Although AF itself can pose a burden on the patient and society,3–6 our results suggest that a significant part of this burden is due to dyspepsia. Indeed, patients with dyspepsia reported significantly worse health status and significantly more work impairment, primarily due to absenteeism. More health care resource use was also observed, primarily due to physician visits and emergency room visits. Collectively, these findings suggest that the presence of dyspepsia not only poses significant societal costs by affecting patients’ daily functioning and work productivity, but also incurs great health care costs through its direct management or exacerbation of other conditions. These results have important clinical implications, in that although many factors should be considered when managing patients with AF, dyspepsia should not be overlooked.
Limitations
Several limitations of this research should be noted. The primary one is the definition of dyspepsia, which was determined using a proxy measure because direct assessment was not available in the NHWS data. Although the conditions used as part of the definition share symptoms with dyspepsia, and are often linked with the condition, it is possible that patients with these symptoms did not experience true dyspepsia and patients without these conditions did experience true dyspepsia. However, given the large number of patients (nearly 40%) with at least two of these conditions, the relationship between our proxy measure and actual dyspepsia is likely to be very strong.
It should also be emphasized that all data from the NHWS were self-reported and no clinical verification of diagnoses or treatments were available.
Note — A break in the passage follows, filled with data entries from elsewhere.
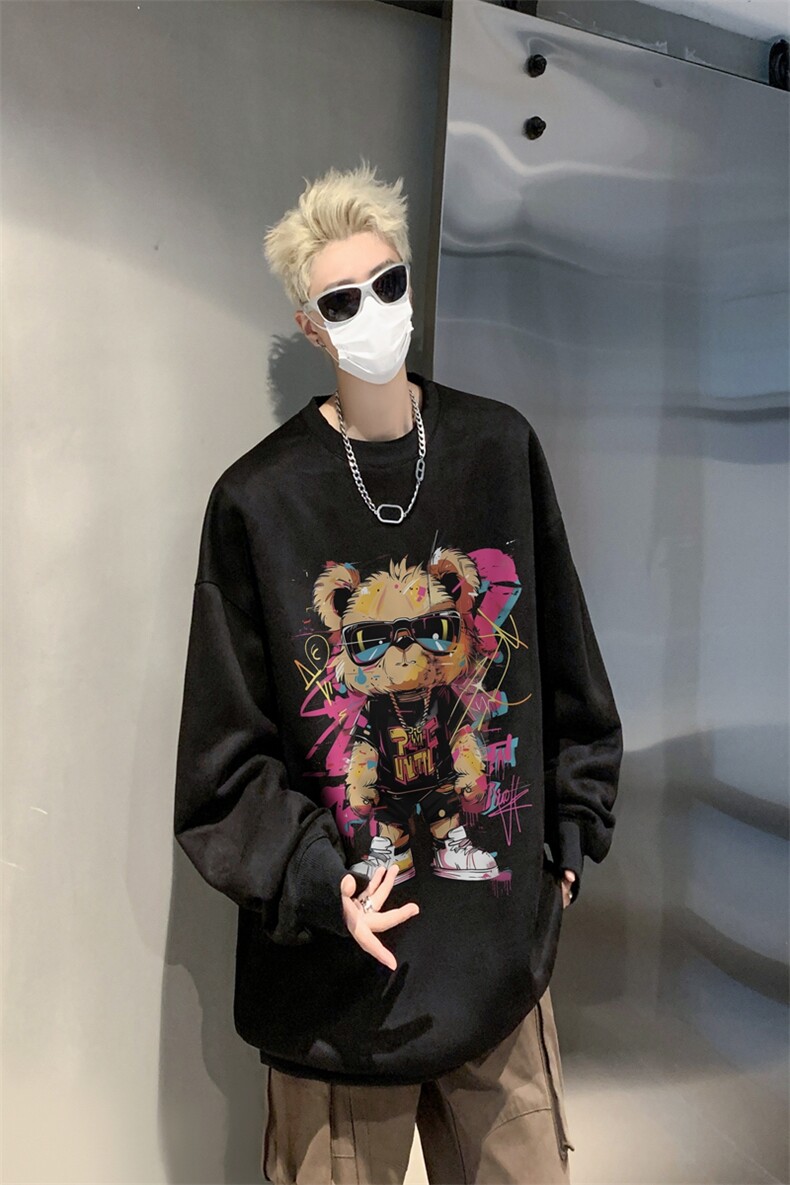 秋装复古美式水洗做旧重磅麂皮绒卫衣301B-JB1509-p45,男装卫衣,星座301B
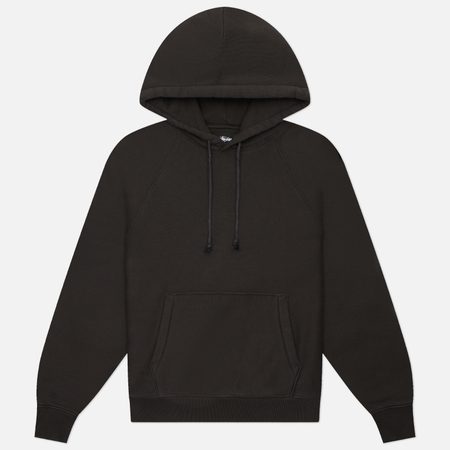 Мужская толстовка Stussy Fleece Raglan Hoodie, цвет чёрный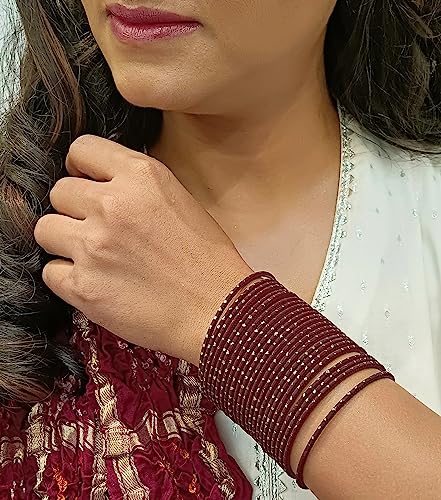 Efulgenz Indian Bangles Set Bollywood Plain Metal Bangle Bracelets Costume Jewelry For Women & Girls (Set Of 24) Valentines Day Gifts For Her Anniversary Birthday Jewelry For Women Mom Wife Girlfriend Valentines Jewelry #TOP3
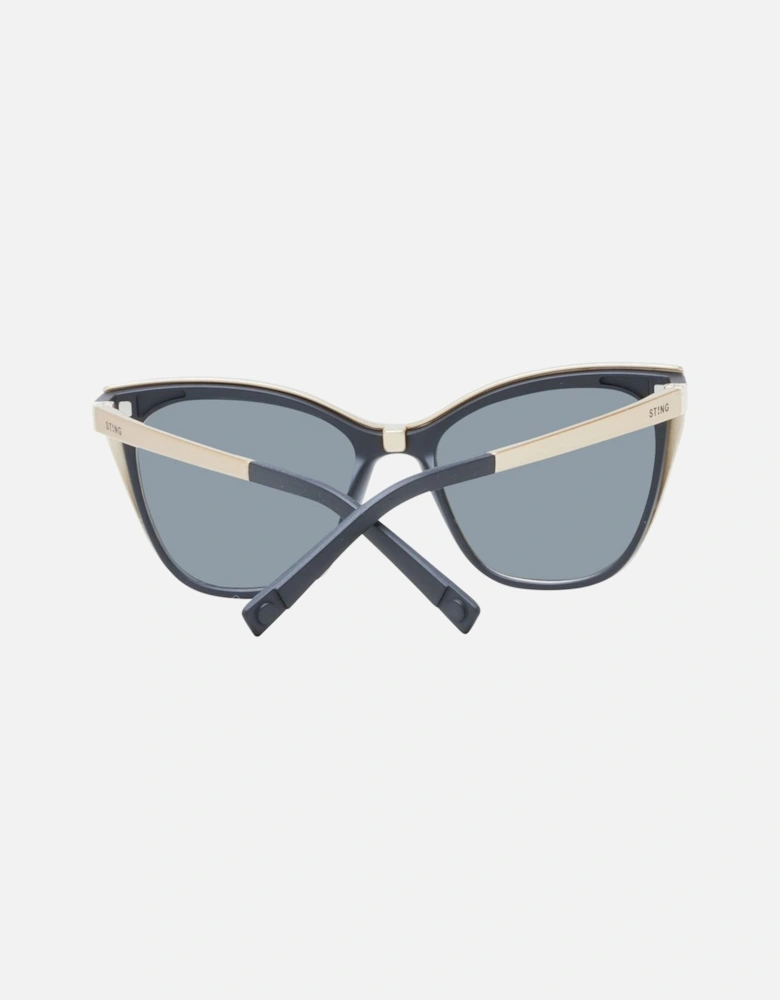 Black Polarized Butterfly Sunglasses - Category 3 Women Frames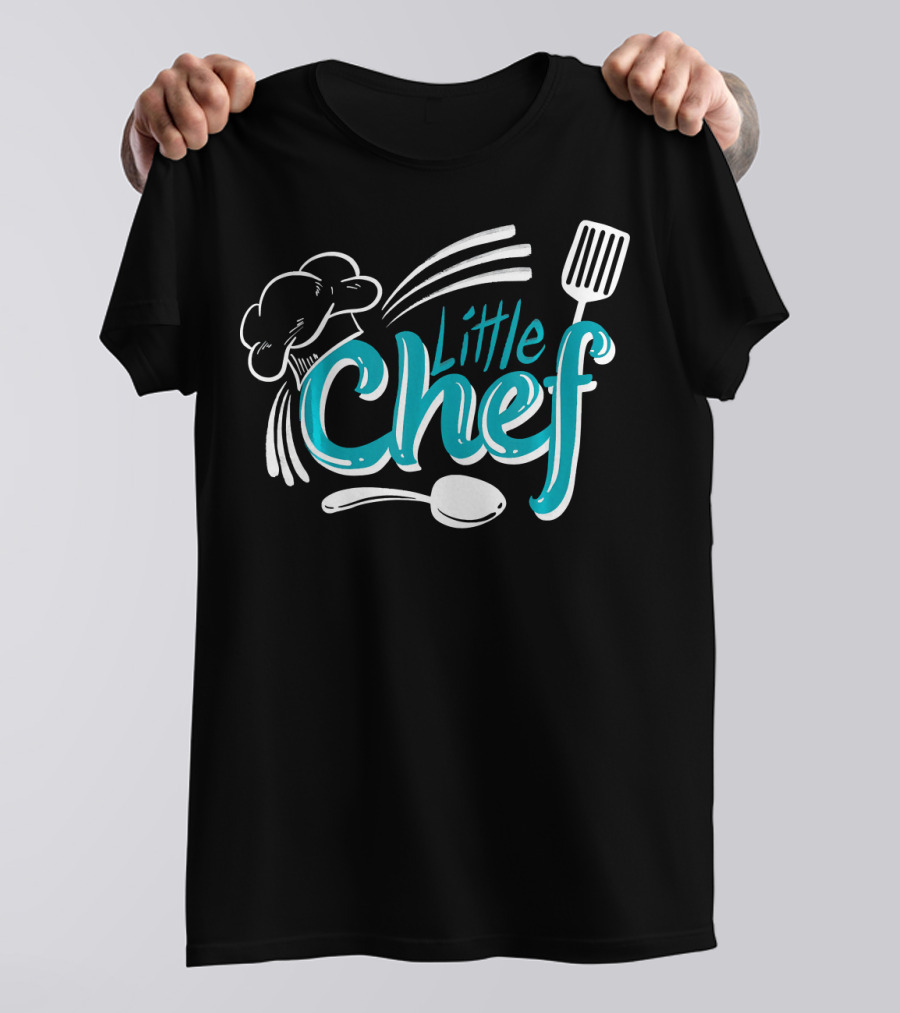 Little Chef Hat Spatula Spoon Funny Cooking Children T-Shirt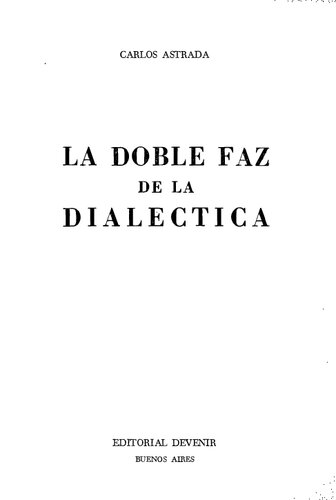 La doble faz de la dialéctica
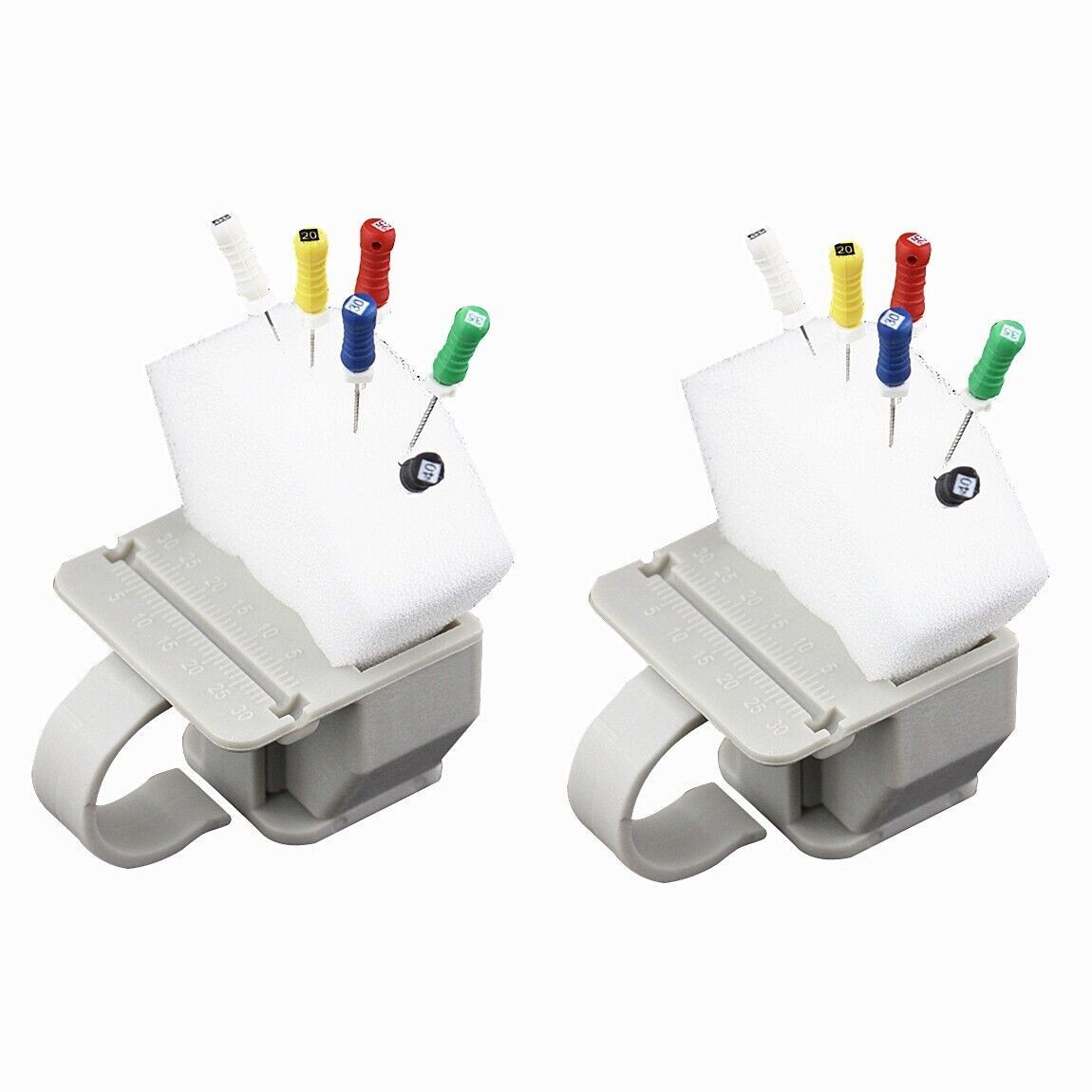 Dental Endodontic Files Triangle Clean Sponge Foam Cushions Finger Ring Holder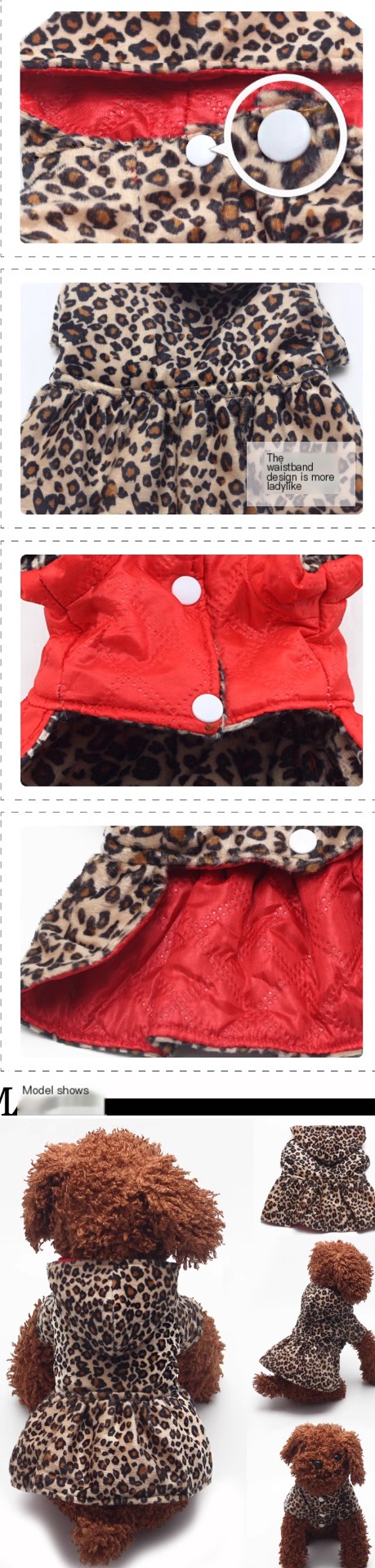 Reversible Leopard Print Dog Dress
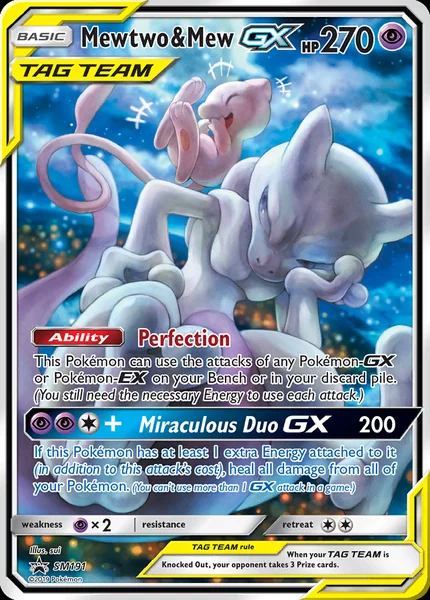 Mewtwo & Mew GX card image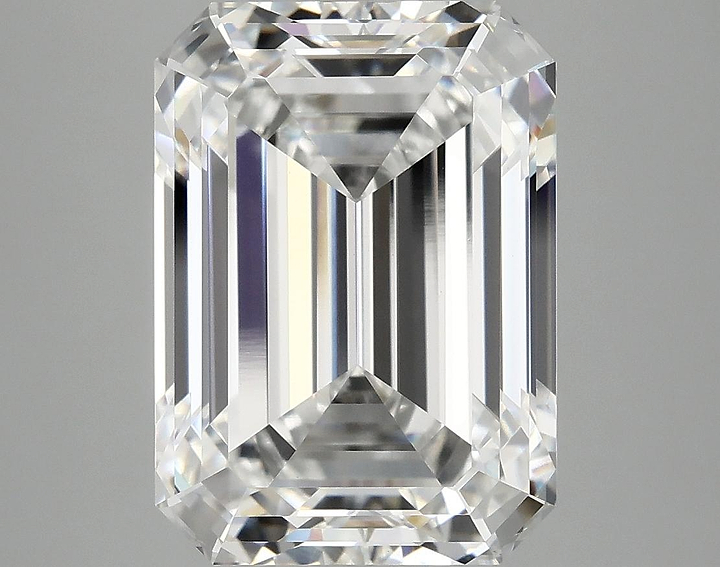 7.2 Carat Emerald Shaped Ideal Cut VVS2 IGI Certified Lab Grown Diamond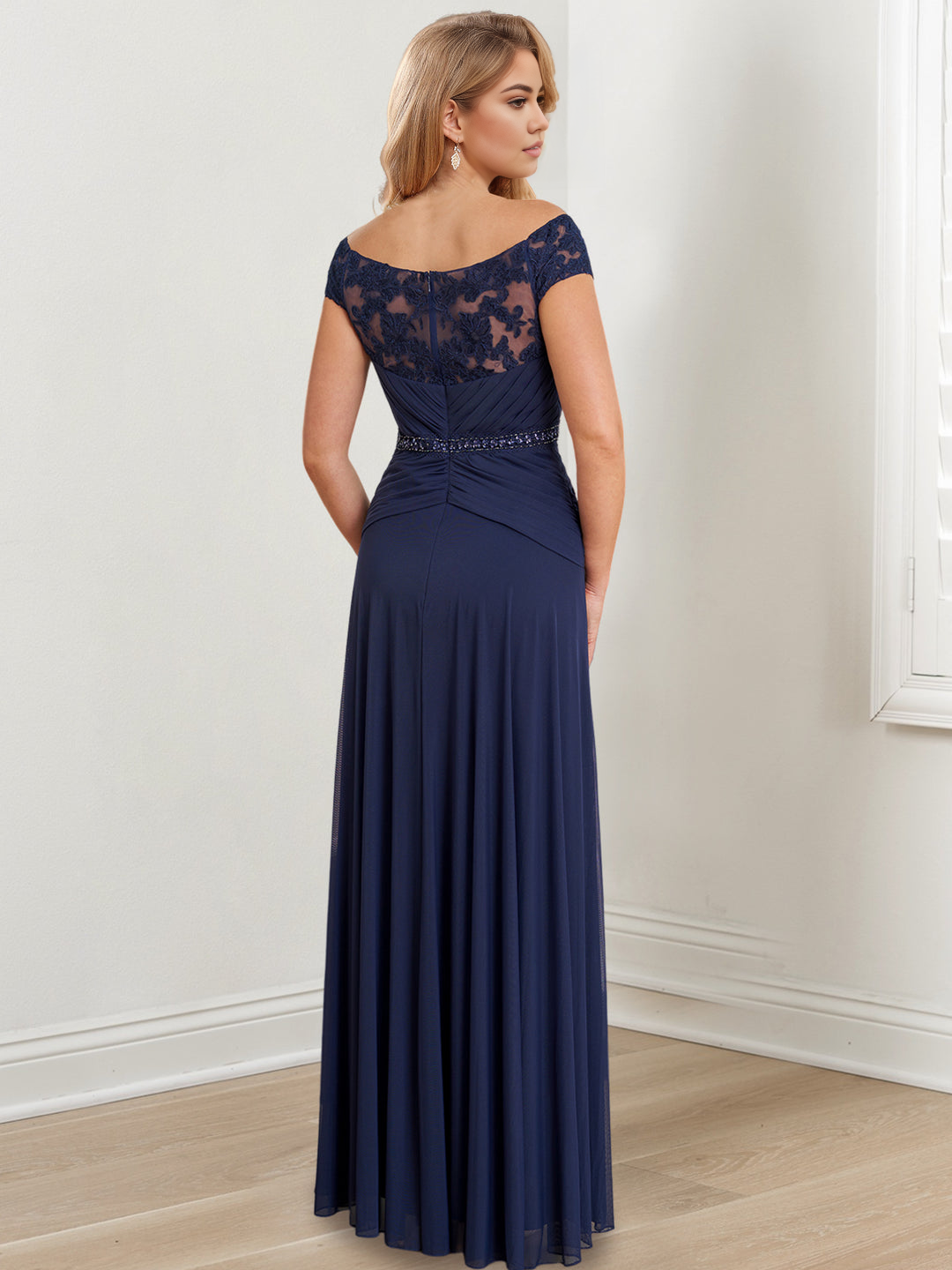 A-Line/Princess Off-The-Shoulder Floor-Length Mother Of The Bride Dresses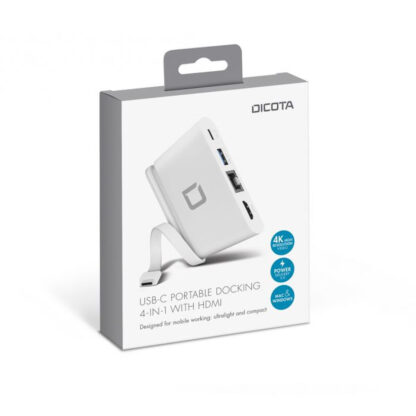 USB Hub Dicota D31730 Λευκό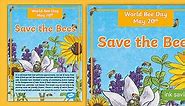 World Bee Day Save the Bees Display Poster
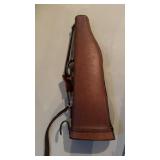 vintage leather 'Leg-o'-Mutton' takedown shotgun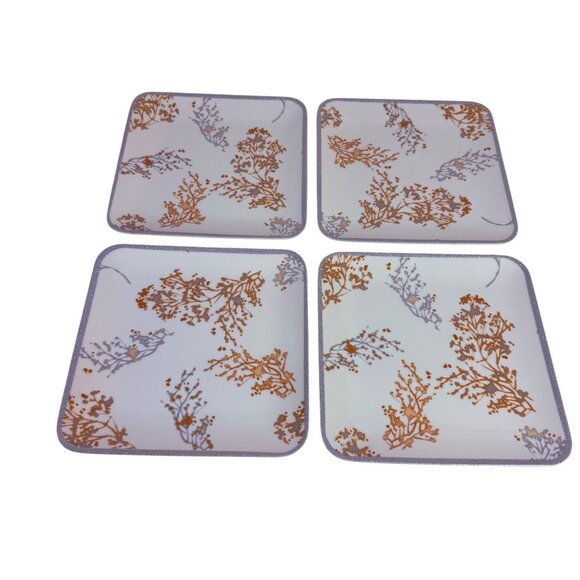 Threshold Melamine Salad Plates Silver Gold Glitter Chic Paint Splatter Set of 4 - Picture 9 of 10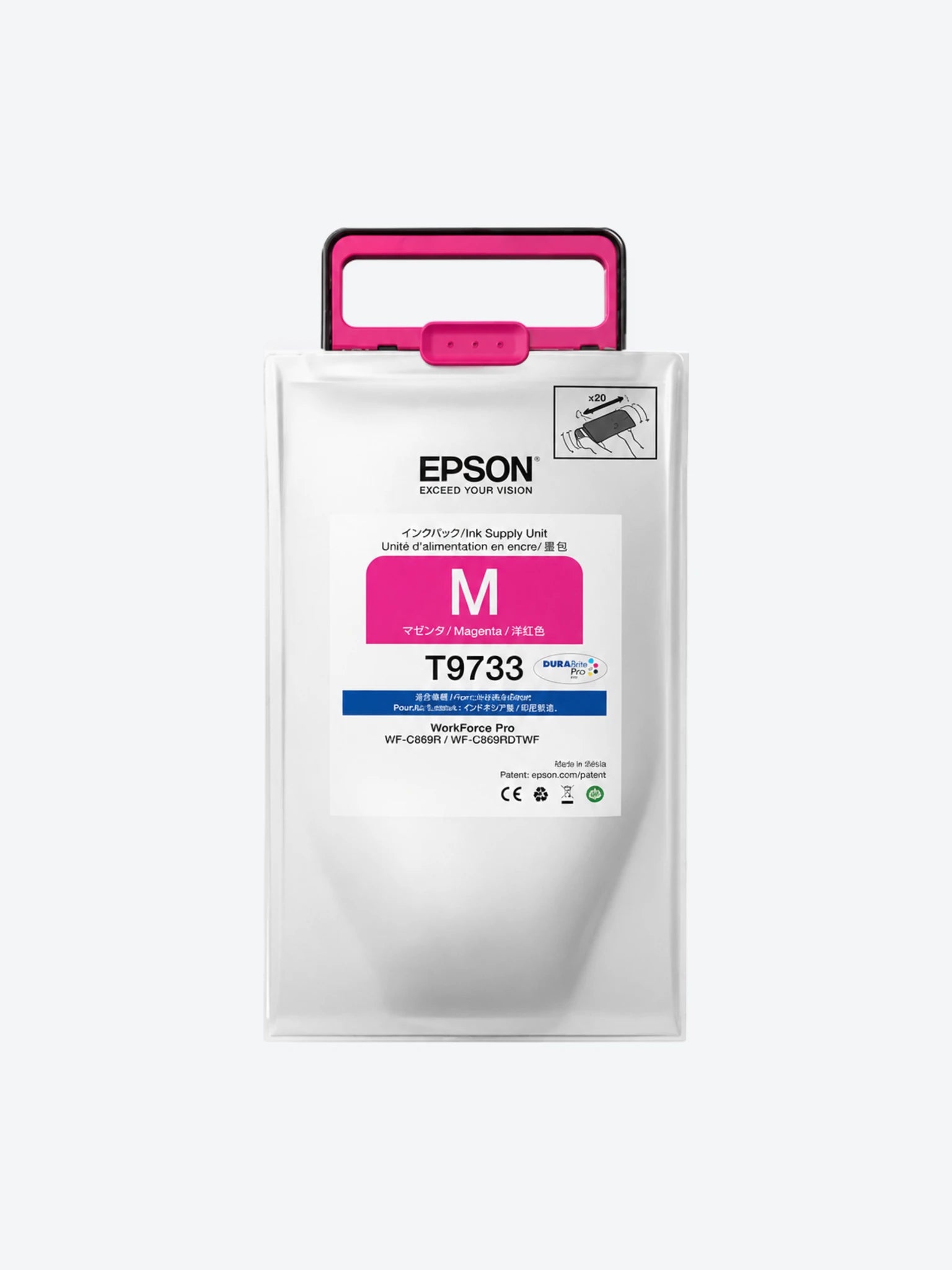 WorkForce WF-C869R Magenta Std-1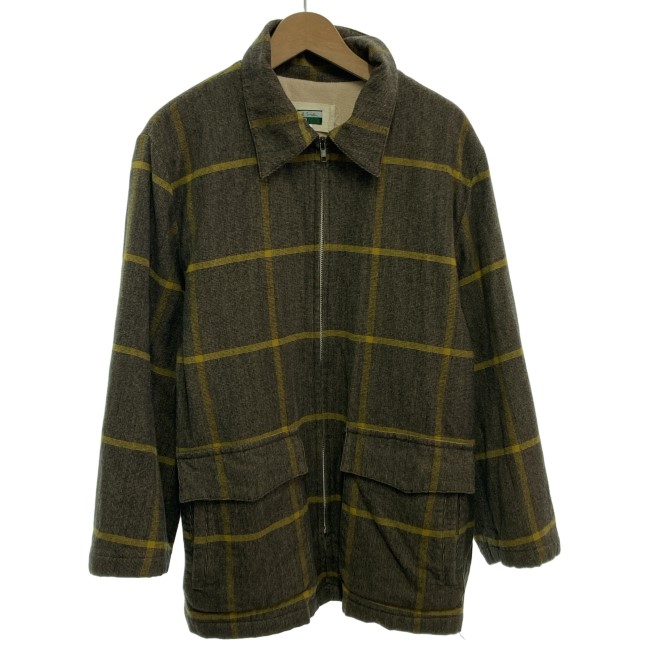 【中古】 Paul Smith 羊毛上衣 トラッカージャケット 照合のしるし フルジップ 日本製 古着 /1587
This could have introduced additional measurement error because patients may have mistakenly reported a diagnosis of AF and those without AF may have been undiagnosed. Related to this point, it should be noted that our prevalence of AF (0.94%) was higher than that reported in the literature (0.65%).1 The reason for this discrepancy is unclear, but it could be that it was more common to mistakenly report a diagnosis of AF than for those without AF to be undiagnosed. Future research would be necessary.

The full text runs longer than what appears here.